Now, though, people are worried. Since last June the price of oil has fallen by about 60% to below $50 for a barrel of Brent crude. And it is not only the size of the fall that troubles the 160,000 or so people in the region who rely on the oil-and-gas sector, but also its timing. Most people in the industry cheerfully recall previous occasions when the price disappeared down a well—sinking as low as $10 a barrel in 1986, for instance. The black stuff always bounced back in the end. This time, though, the price drop comes at a time when the industry is already facing an unprecedented struggle for survival.
North Sea oil and gas production peaked in 1999, declined slowly up to 2010 and then plunged. Yet the cost of extracting the stuff has risen, and more steeply in the past four years (see chart). The result is that the North Sea is now the most expensive offshore basin in the world. Even the deep waters of the Gulf of Mexico are much cheaper to work in than the relatively shallow North Sea. Although about £14 billion ($21 billion) was invested in the basin in 2013 on new production, maintenance and repairs cost a further £9 billion.
The falling oil price has highlighted the thin margins in the North Sea. Oil & Gas UK, the industry lobby group, says that even in good times about 5% of North Sea fields operate at a loss. With oil at $50, almost one-third of the fields will be unprofitable. If the price stays low, it is feared that many of the existing fields will be shut down prematurely, shortening the life of the North Sea.
Little wonder, then, that many in the North Sea business, which still provides Britain with most of its oil and gas, believe that a crisis is upon it. “The industry is in for a very hard time unless we address the high cost structure immediately”, argues Ayman Asfari, the boss of Petrofac, a large oil-services company. The North Sea is a mature basin, with ageing platforms and pipelines that require ever more and more expensive maintenance, so it is only natural that costs will be a bit higher than elsewhere. But the industry also got too “fat and happy” during the good times, as one industry executive puts it, and this has become unsustainable. The average salary in the industry is £64,000, much higher than the national average of £27,200. Offshore workers now work for two weeks straight and then get three weeks off, whereas a while ago they worked and relaxed in equal measure.
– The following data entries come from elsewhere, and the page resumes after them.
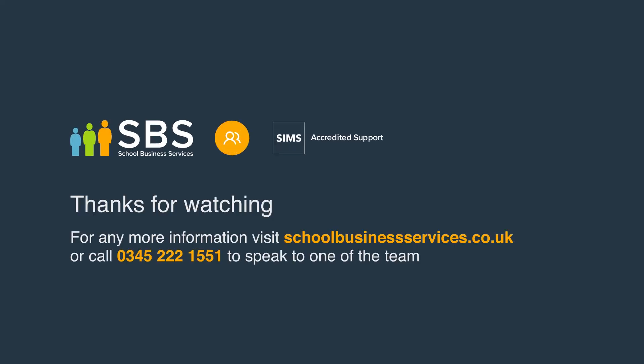So hopefully this was useful. For any further questions, you can visit us on www.schoolbusinessservices.co.uk.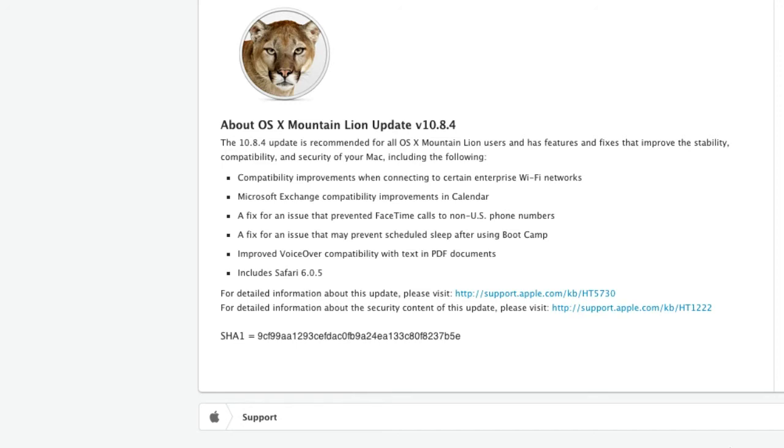A fix for an issue that may prevent scheduled sleep after using Boot Camp. Improved VoiceOver compatibility with text in PDF documents. Now, this is a main one.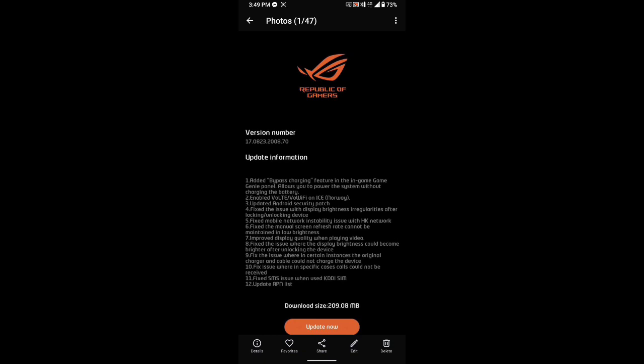Fixed the issue where the display brightness could become brighter after unlocking the device. Fixed the issue where in certain instances the original charger and cable could not charge the device. Some phones out there, when using the original ASUS charger and power brick, would plan to charge but not fast charge or hyper charge, so this update will fix that. The update is version 2008.70.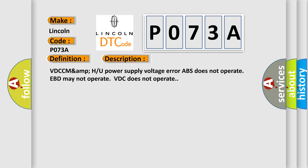And now this is a short description of this DTC code. VDCCM Power Supply Voltage Error ABS Does Not Operate EBD May Not Operate VDC Does Not Operate. This diagnostic error occurs most often in these cases.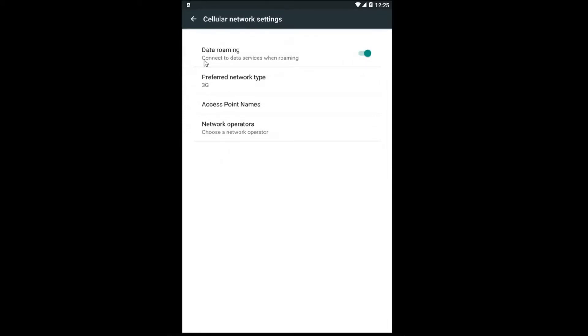Now go to data roaming. Connect to data services when roaming. In order to turn this off just left click inside this oval one time and it will become gray.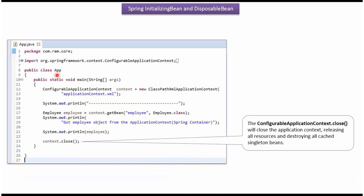Here I have defined the class App. I have created a ConfigurableApplicationContext object by reading a Spring configuration file. Using the getBean method of the ConfigurableApplicationContext object, I am getting the employee object from the Spring container and displaying it. Then I am calling the close method of the ConfigurableApplicationContext object.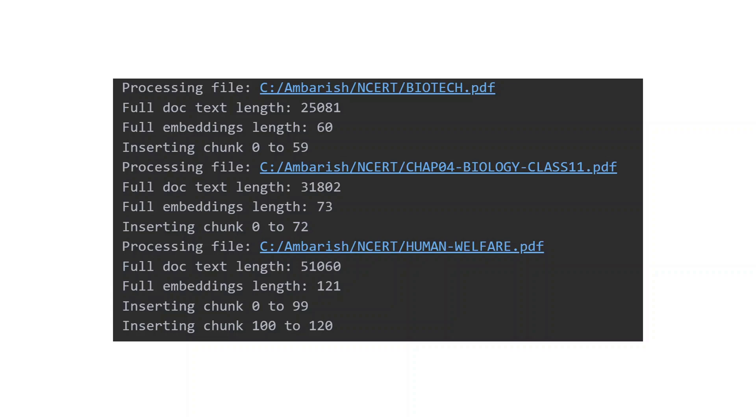Once it is processed we have three files: the biotech and two PDFs. This is how we read the text and create embeddings. It is chunked and batched, putting it in batches of hundred each. The first one has only 60 embeddings so it's done in one shot. The second one has 73 embeddings, also done in one shot.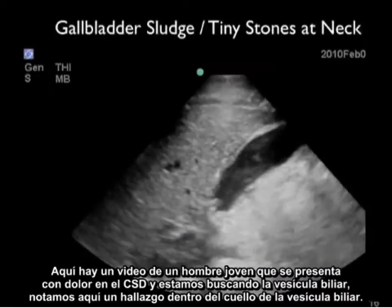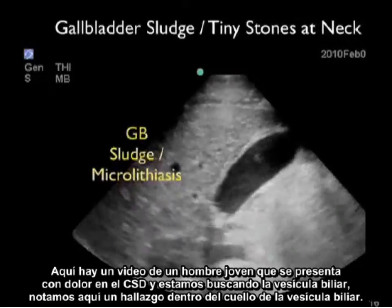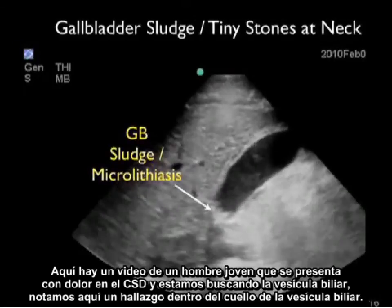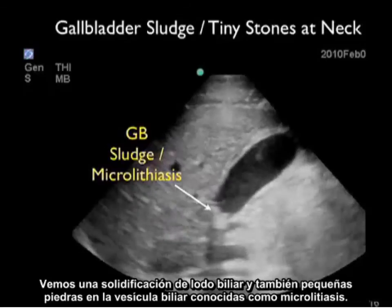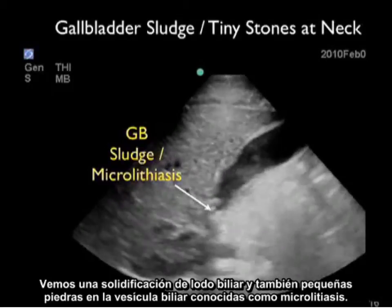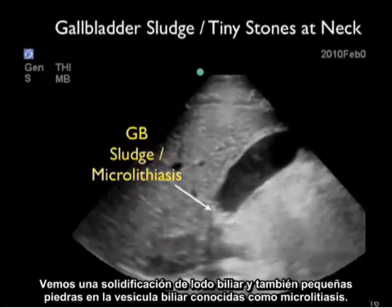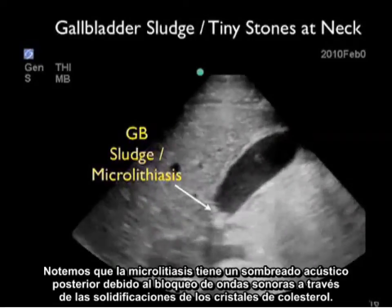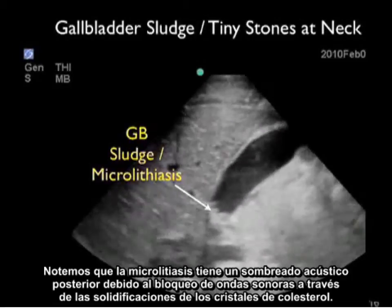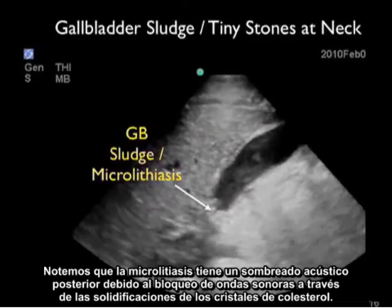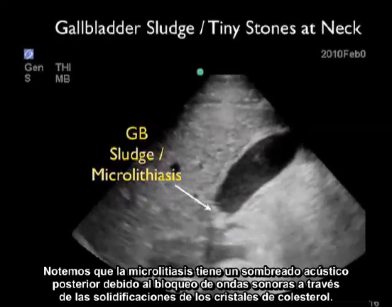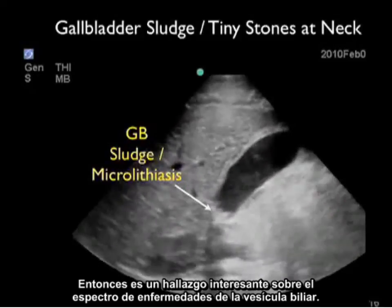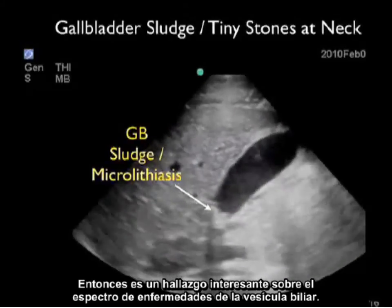Here's a video clip from a young male presenting with right upper quadrant pain. As we look through the gallbladder, we notice a finding within the neck — a concretion of gallbladder sludge and also tiny gallbladder stones known as microlithiasis. Notice that the microlithiasis has posterior acoustic shadowing due to the blocking of sound waves through the concretions of cholesterol crystals — an interesting finding on the spectrum of gallbladder disease.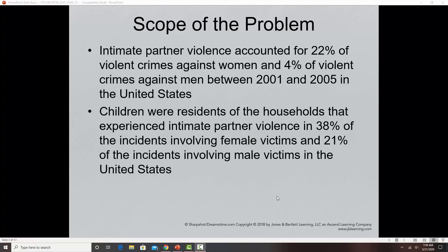Children were residents of households that experienced intimate partner violence in 38% of incidents involving female victims, so there are often children in the house witnessing these events. Previously we talked about the circle of violence, where people who experience violence in childhood often grow up to either continue being victims or become abusers themselves. Research has shown children who just witness intimate partner violence have a high risk of being part of that circle of violence. Some in developmental psychology suggest witnessing IPV should be considered a form of abuse.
The fall in the oil price is hastening changes that were long overdue. Oil producers and oil-services companies are quickly trying to become more lean and efficient. Petrofac is on a cost-reduction drive; it cut rates for contract work by 10% last October, and will do so again at the end of this month. Britain’s biggest oil company, BP, has sold off some of its smaller, more expensive fields. At the peak of operations in the whole of the North Sea it was producing about 900,000 barrels of oil a day. Now that figure is down to just 160,000, although it may rise again when a new field opens. On January 15th it cut 200 office jobs at its headquarters in Aberdeen, together with 100 contractor jobs. The head of BP North Sea, Trevor Garlick, says that as most of its work is carried out by oil-services companies on contract, he will now be looking to them for “help” on costs.
The government has been urged to cut the high taxes on companies working in the North Sea. It is hoped that this will encourage more investment in exploration and prolong the life of the less viable fields. George Osborne, the chancellor of the exchequer (pictured), who slapped the industry with a surprise tax rise in 2011, promised a parliamentary committee on January 20th that he will do this. But a bigger question is whether the industry can reform itself enough to remain globally competitive regardless of what happens to North Sea production, which will eventually tail off whatever happens to the price.
For Aberdeen has become a global hub of operations, especially in the oil-services sector. Many foreign as well as British companies are based there, running business not only in the North Sea but much farther afield, in West Africa and Central Asia. In 2012 the oil-services sector generated £20 billion worth of revenue in Britain, and a further £15 billion in export of goods and services. Speculation abounds in Aberdeen as to whether many of these high-value, specialist companies will migrate to be nearer their remaining operations if North Sea production peters out. Bringing down costs now, though, would go a long way towards forestalling that.